▶ What you need to do
Extract only the lines running from the top of the entries to the line that holds "Продается Lacetti 1.8". Include that line and omit the pictures.

[Short descriptive text snippets]
───

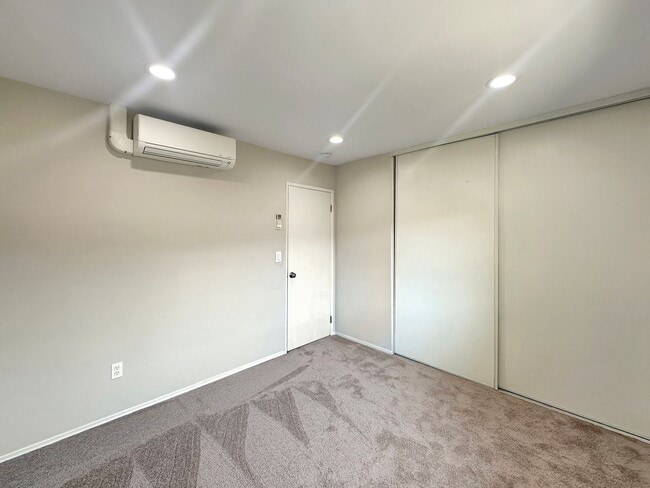 Building Photo - Charming 2BD/1BA Home in San Carlos W/ A/C...
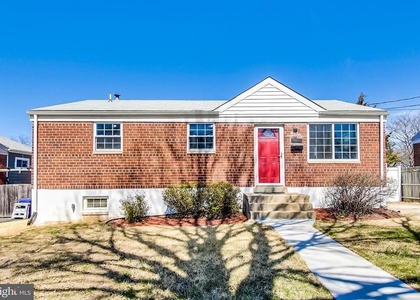 4617 Creek Shore Drive - Photo 1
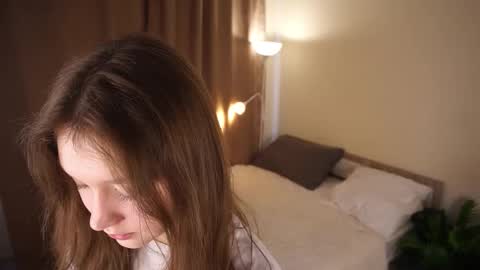 Molly online show from 02-15-26, 05:48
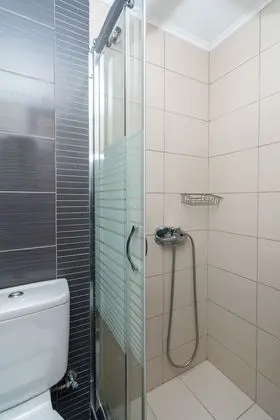 Tek Büyük Yataklı Oda, Kısmi Deniz Manzaralı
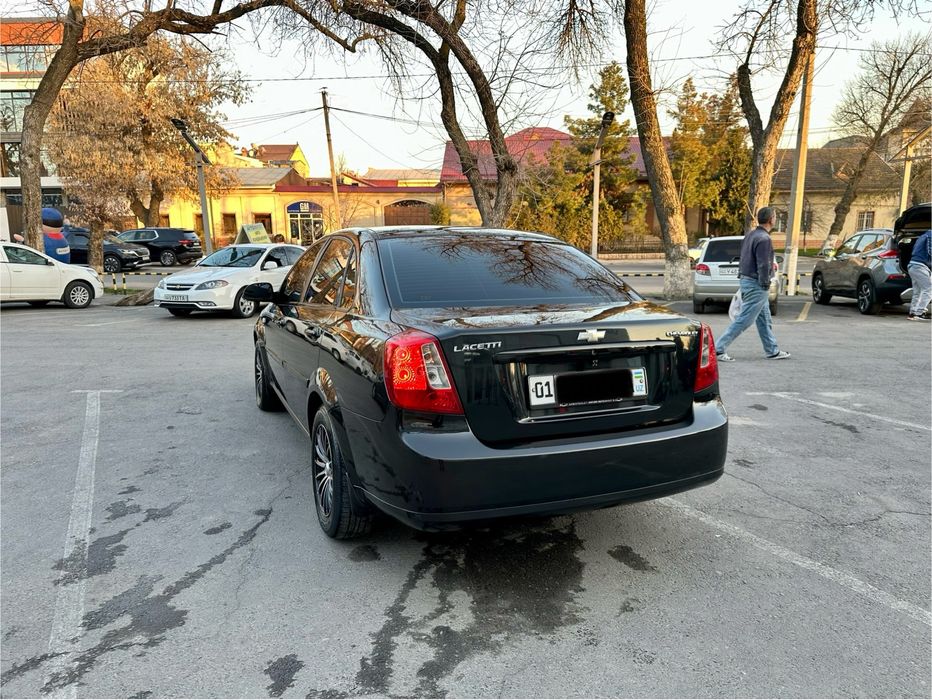 Продается Lacetti 1.8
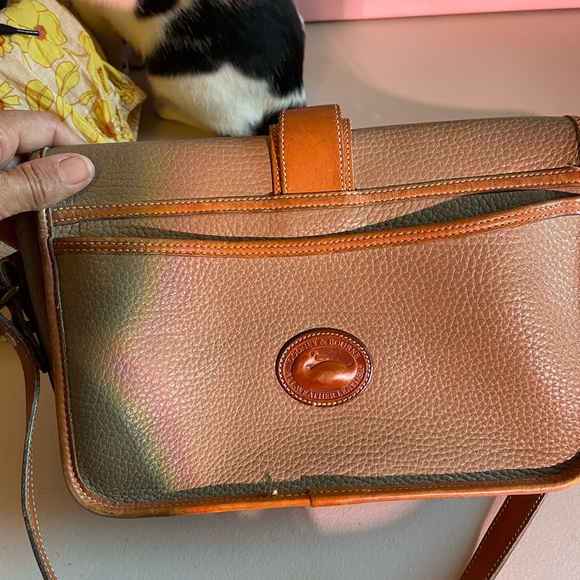 Dooney & Bourke Vintage saddleback design in good vintage condition - Picture 2 of 8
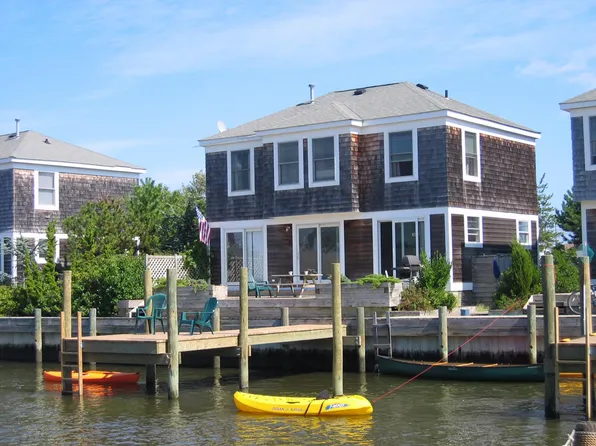 119 3rd Ave, Manasquan, NJ 08736
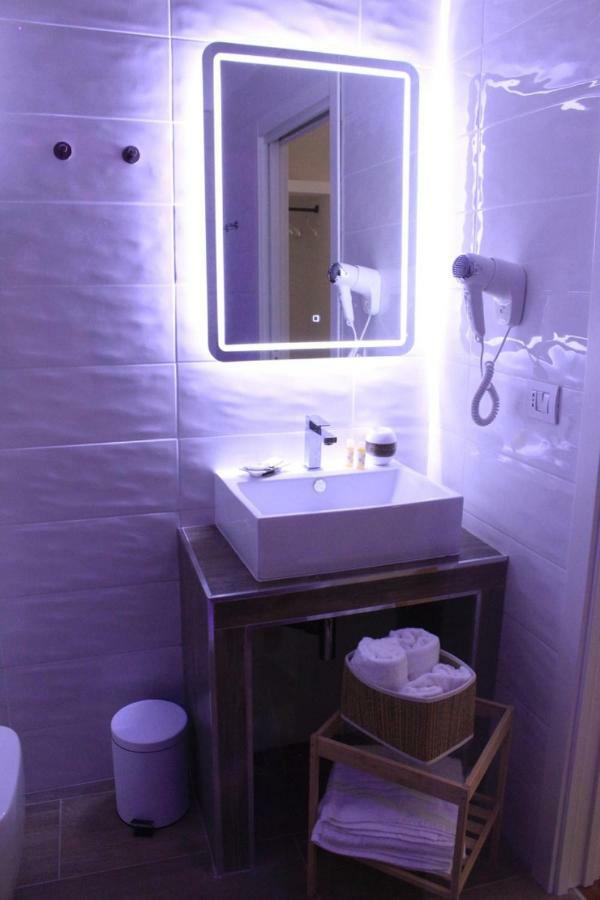 Gazebo Rooms Маргерита ди Савоя Екстериор снимка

───

▶ Written response
 Building Photo - Charming 2BD/1BA Home in San Carlos W/ A/C...
 4617 Creek Shore Drive - Photo 1
 Molly online show from 02-15-26, 05:48
 Tek Büyük Yataklı Oda, Kısmi Deniz Manzaralı
 Продается Lacetti 1.8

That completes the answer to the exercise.